TÜRKSOLU: Bu uygulamanın daha sonra başka örneği oldu mu?
Prof. Dr. Yusuf HALAÇOĞLU: ABD, II. Dünya Savaşı sırasında 170 bin civarında Japon’u Mississippi Vadisi’ne nakletmiştir. Bu ortada herhangi bir hadise olmamasına rağmen yapılmıştır.

Yok edilmek istenen insana yevmiye mi verilir?
TÜRKSOLU: Peki 1915’te Türkiye’de yaşayan Ermenilerin tümünün yeri değiştirildi mi?

Prof. Dr. Yusuf HALAÇOĞLU: İstanbul, Antalya, Kastamonu gibi bir takım bölgelerden hiç nakil yoktur. Sadece Taşnak, Hınçak, Ramgavar gibi örgütlerin üyeleri nakledilmiştir. Bunların sayısı da 250 civarındadır. Kastamonu’da 13 bin civarında Ermeni vardır, bunlar nakledilmemiştir. Bunun dışında Anadolu’nun içinde nakiller vardır. Sivas’tan Konya’ya, Konya’dan Yozgat’a, Kastamonu’ya… Ancak 500 bin civarında Ermeni Suriye tarafına nakledilmiştir.

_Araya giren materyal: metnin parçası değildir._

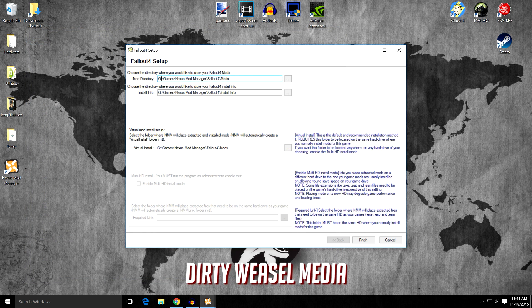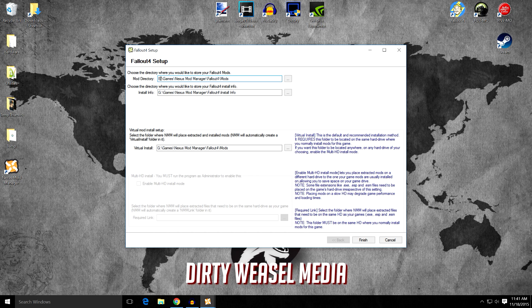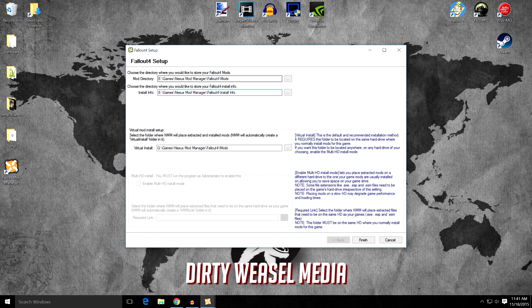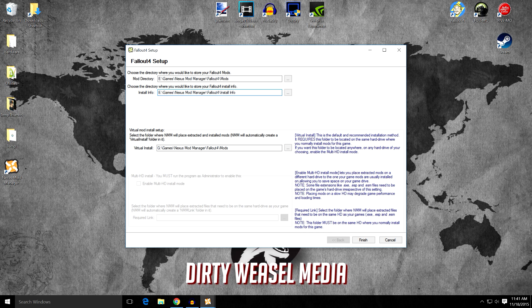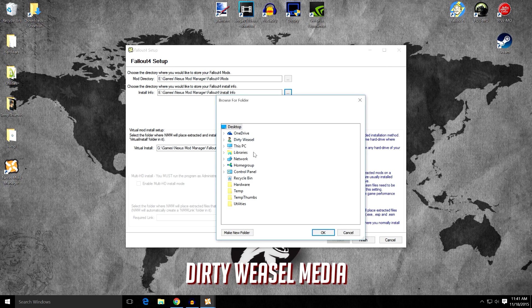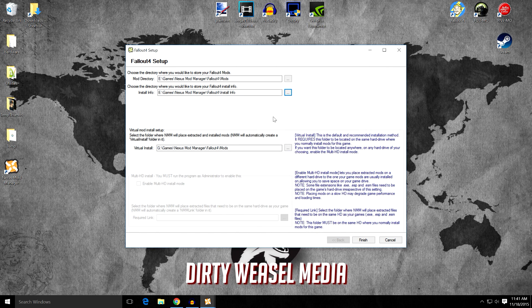But if you want to select something else, you could do that. You can see now it'll be E, Games, Nexus Mod Manager Fallout for mods. And E, Games, Nexus Mod Manager Fallout for install info. But if you want to go ahead and change all that, you can do the same way. However you want to do it is fine.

Bunların da yerleştirildiği yerler Amerikan Konsolosu tarafından Hama, Humus ve Deyrizor ile köylerine kadar kaydedilmiştir. Ki en fazla Deyrizor’a gitmiştir. Orada 300 bin civarında Ermeni yaşamaktadır. Ben oraya gittim ve gördüm. Osmanlı Devleti onlar için kilise bile kurmuştur orada. Öyle tel örgüler içinde değil normal evlerde yaşamışlardır. Halep’te yolda hastalananların tedavisi için hastane kurulmuştur. 2 bine yakın Ermeni burada tedavi edilmiş, ardından da taburcu olmuştur. Yok edilmek istendiği iddia edilen insanlar, tedavi edilmiştir! Hem de yol için de yevmiye verilmiştir. Yok edilmek istenen insana yevmiye mi verilir? Hitler, Naziler Yahudilere böyle bir şey uygulamış mıdır?

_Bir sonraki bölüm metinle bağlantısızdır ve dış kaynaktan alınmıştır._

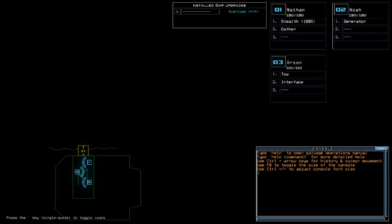Greetings, fellow scavengers! Welcome back to Duskers Daily Challenge for August 19, 2019.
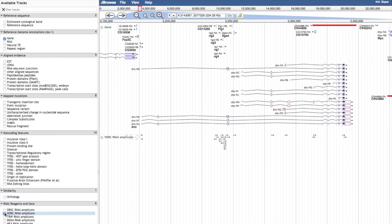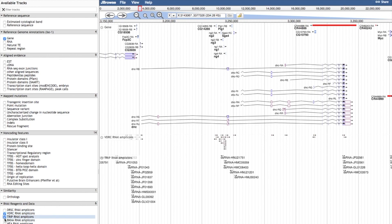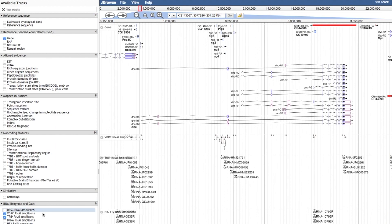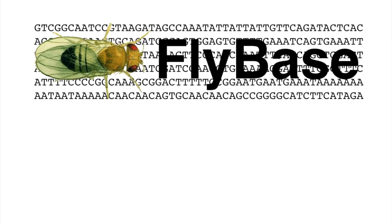RNAi amplicons, such as those used to generate stocks from VDRC, TRiP, or NIG, can also be added as tracks. Why not give JBrowse a try?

TÜRKSOLU: Stalin, Kırım Türklerini sürgüne gönderdiğinde insanları hayvan vagonlarına doldurarak, yemek vermeden, vagon kapılarını bile açmadan yolculuk ettirdi. Ve büyük rakamlarda ölüm oldu bu sürgün sırasında. Bugün dünya neden Ermeniler konusunda Türkleri suçlamayı akıl eder de Stalin’i ve Rusları Türk soykırımı yapmakla itham etmeyi düşünmez?
Prof. Dr. Yusuf HALAÇOĞLU: Aynı şekilde mesela Irak’ta bu kadar sivil insan öldü. Hangi suçlular cezalandırıldı? Ama Osmanlı Devleti iskâna tabi tutulan Ermenilerin mallarını gasp eden, kadınları kaçıran ve cinayet işleyenlerle ilgili yine Talat Paşa’nın imzasıyla 1673 kişi Divan-ı Harbe verilmiştir. Bu işlem de 1915’te yani uçların işlendiği yılda yapılmıştır. 1916 Şubat, Mart ve Nisan aylarında bu davalar sonuçlanmıştır. 67 kişiye idam cezası verilmiş ve cezalar da infaz edilmiştir. Gasptan bile idam edilenler olmuş, 68 kişi kalebentlik cezasına çarptırılmıştır. 524 kişi de 2 ila 5 sene arasında hapis cezalarına uğratılmıştır. Yani uluslararası hukuk açısından suçlular cezalarını görmüşlerdir. Bu da devlet eliyle kötü bir uygulama olmadığının da kanıtıdır.

Bu noktadan sonra soykırımdan bahsetmek abesle iştigalden başka bir şey değildir
Osmanlı bütçeleri Mart ayından Mart ayına hazırlanırdı. Turgut Özal’a kadar Türkiye Cumhuriyeti’nde de böyle devam etmiştir. Sonra Ocak ayına alınmıştır. Mart ayında hazırlanan bütçede Ermenilerin sevk ve iskânına ilişkin bir karar yoktur. Bunun için bir harcama kalemi konulmamıştır. Bu çok önemlidir çünkü ortada bir plan olmadığını göstermektedir. Karar Mayıs ayının 27’sinde alınmıştır. Kararın alınmasından sonra da 16 Haziran’a kadar nakil başlatılmamıştır. Karar alındıktan sonra Dâhiliye Nezareti’ne bağlı İskân-ı Aşair ve Muhacirin Müdüriyeti bütçesine 68 milyon kuruş ek ödenek konmuştur. Sıhhiye Nezareti bütçesine 13,5 milyon kuruş eklenmiş. Kafilelerin uğrayacağı vilayetlere nakit paralar gönderilmiş. Fırınlar açılmış.
Bu devletin bunu önceden planlamadığı anlamına gelir. Çünkü o sırada henüz Çanakkale Savaşı başlamamıştı. Zeytun İsyanı başlamış olmakla beraber Van İsyanı çıkmamıştı. Filistin’de savaşacak olan 20 bin askerin Zeytun’a getirilmek zorunda kalması isyancıların vatana ihaneti demektir. Başka bir devlette olsa tümünü yok ederlerdi. Zeytun Ermenileri bile yok edilmemiştir. Onlar da en sonunda Suriye’ye nakledilmiştir. Orada dahi katliam yoktur. Oysa onlar yüzünden Osmanlı ordusu Sina’da İngilizlere mağlup olmuştur.
Bu noktadan sonra soykırımdan bahsetmek abesle iştigalden başka bir şey değildir. “Soykırım vardır” diyenlerin ya bu konuyla ilgili bilgileri yoktur ya da ihanet içindedirler. Başka bir seçenek yoktur. Bir ülkede yaşayan insan kendi insanlarını bu kadar ağır bir şekilde suçlarsa bu ne gaflettir ne dalalettir. Ya da kendilerini bu vatandan gösteren ama gerçek kimliği Ermeni olanlardır.